Martin Griffiths, the chief executive, was in line for short-term incentives worth around £593,000, while finance director Ross Paterson was due to be paid an extra £395,000 under Stagecoach’s annual bonus programme.
The FTSE 250 company’s remuneration committee “exercised discretion”, reversing agreed policies which would have allowed the pair to take home bonuses of 91pc of basic salary.
Mr Griffiths received no bonus, and Mr Paterson was paid £198,000 on top of his £435,000 basic wage. Mr Griffiths’ total pay fell from £1.3m to £987,000, while Mr Paterson’s rose from £811,000 to £867,000.

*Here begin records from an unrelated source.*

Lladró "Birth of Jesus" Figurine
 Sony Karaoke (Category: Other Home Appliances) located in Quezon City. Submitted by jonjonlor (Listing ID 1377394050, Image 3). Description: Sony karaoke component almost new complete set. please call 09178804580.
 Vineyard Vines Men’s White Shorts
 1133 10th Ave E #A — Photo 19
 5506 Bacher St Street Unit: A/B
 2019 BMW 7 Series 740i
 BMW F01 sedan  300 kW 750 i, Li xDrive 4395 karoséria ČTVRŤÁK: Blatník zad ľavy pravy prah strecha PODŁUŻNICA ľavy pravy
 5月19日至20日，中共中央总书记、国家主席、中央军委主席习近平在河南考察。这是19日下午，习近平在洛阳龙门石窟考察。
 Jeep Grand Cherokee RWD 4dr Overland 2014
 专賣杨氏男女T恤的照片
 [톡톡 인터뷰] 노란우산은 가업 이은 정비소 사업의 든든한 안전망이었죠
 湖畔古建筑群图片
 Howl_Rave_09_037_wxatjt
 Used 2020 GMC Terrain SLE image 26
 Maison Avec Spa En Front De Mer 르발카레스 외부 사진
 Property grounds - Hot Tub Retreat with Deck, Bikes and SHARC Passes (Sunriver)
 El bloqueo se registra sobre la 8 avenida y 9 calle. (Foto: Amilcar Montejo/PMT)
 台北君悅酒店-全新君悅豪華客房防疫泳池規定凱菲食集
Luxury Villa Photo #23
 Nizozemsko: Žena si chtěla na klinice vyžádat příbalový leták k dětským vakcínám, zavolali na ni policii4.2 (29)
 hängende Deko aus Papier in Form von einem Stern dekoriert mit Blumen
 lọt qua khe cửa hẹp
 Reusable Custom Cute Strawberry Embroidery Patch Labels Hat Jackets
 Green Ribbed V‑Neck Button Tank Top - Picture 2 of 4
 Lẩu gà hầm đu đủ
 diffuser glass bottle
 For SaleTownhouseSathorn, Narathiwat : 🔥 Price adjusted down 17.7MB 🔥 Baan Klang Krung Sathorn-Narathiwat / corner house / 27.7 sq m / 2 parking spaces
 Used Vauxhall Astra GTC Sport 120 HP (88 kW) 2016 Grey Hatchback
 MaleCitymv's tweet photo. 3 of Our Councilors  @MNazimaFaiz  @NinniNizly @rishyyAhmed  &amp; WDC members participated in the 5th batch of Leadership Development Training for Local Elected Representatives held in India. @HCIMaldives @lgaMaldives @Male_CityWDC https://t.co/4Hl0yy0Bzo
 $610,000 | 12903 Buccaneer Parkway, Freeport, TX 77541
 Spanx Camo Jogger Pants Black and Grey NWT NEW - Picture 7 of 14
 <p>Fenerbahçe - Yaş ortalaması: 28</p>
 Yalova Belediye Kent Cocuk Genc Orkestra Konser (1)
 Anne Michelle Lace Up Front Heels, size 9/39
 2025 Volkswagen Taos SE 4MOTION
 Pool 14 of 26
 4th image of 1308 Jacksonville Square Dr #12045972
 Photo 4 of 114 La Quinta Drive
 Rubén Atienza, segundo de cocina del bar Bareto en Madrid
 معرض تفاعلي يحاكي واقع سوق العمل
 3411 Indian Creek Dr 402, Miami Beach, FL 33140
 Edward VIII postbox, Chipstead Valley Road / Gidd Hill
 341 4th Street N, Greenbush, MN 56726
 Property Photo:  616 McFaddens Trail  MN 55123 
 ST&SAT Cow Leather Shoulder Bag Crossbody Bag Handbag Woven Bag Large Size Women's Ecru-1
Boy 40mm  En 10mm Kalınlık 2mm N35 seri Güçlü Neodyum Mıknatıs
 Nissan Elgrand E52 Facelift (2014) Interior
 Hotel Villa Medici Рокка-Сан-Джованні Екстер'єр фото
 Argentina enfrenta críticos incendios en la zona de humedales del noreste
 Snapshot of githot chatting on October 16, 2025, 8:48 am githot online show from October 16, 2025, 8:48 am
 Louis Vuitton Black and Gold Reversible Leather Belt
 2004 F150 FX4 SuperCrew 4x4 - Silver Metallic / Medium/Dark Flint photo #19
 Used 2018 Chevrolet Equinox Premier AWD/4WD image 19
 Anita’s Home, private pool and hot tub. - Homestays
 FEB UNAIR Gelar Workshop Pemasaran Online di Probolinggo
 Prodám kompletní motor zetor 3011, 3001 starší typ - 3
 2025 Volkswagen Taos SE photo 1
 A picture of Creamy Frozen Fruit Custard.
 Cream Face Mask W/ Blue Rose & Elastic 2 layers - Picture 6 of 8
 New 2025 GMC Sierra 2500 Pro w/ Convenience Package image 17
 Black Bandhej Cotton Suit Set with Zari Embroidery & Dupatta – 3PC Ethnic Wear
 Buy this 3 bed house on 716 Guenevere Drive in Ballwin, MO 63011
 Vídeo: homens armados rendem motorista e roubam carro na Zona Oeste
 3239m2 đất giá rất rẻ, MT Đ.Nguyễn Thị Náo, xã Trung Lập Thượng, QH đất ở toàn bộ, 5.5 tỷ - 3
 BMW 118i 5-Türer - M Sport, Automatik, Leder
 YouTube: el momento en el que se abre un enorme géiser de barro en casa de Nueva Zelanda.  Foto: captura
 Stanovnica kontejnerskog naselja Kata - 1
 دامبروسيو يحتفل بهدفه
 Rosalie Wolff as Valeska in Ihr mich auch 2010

The East Coast mainline, a joint venture led by Stagecoach and operating in conjunction with Virgin Trains, was handed back to the Government on June 24. Chris Grayling, the Transport Secretary, said the operators had “got their bid wrong”, overestimating how profitable the line would be.
Stagecoach announced in June it would take an £85.6m hit from the failure of the East Coast franchise – in which it owned a 90pc stake. Mr Griffiths blamed a “very different” economic and political outlook. However, he insisted private companies should deliver rail services; it worked for “government and shareholders”, he said.
Stagecoach is one of three bidders vying for the Southeastern franchise, which will be awarded next month. It is up against Govia, as well as a bid led by Abellio with East Japan Railway and Mitsui & Co.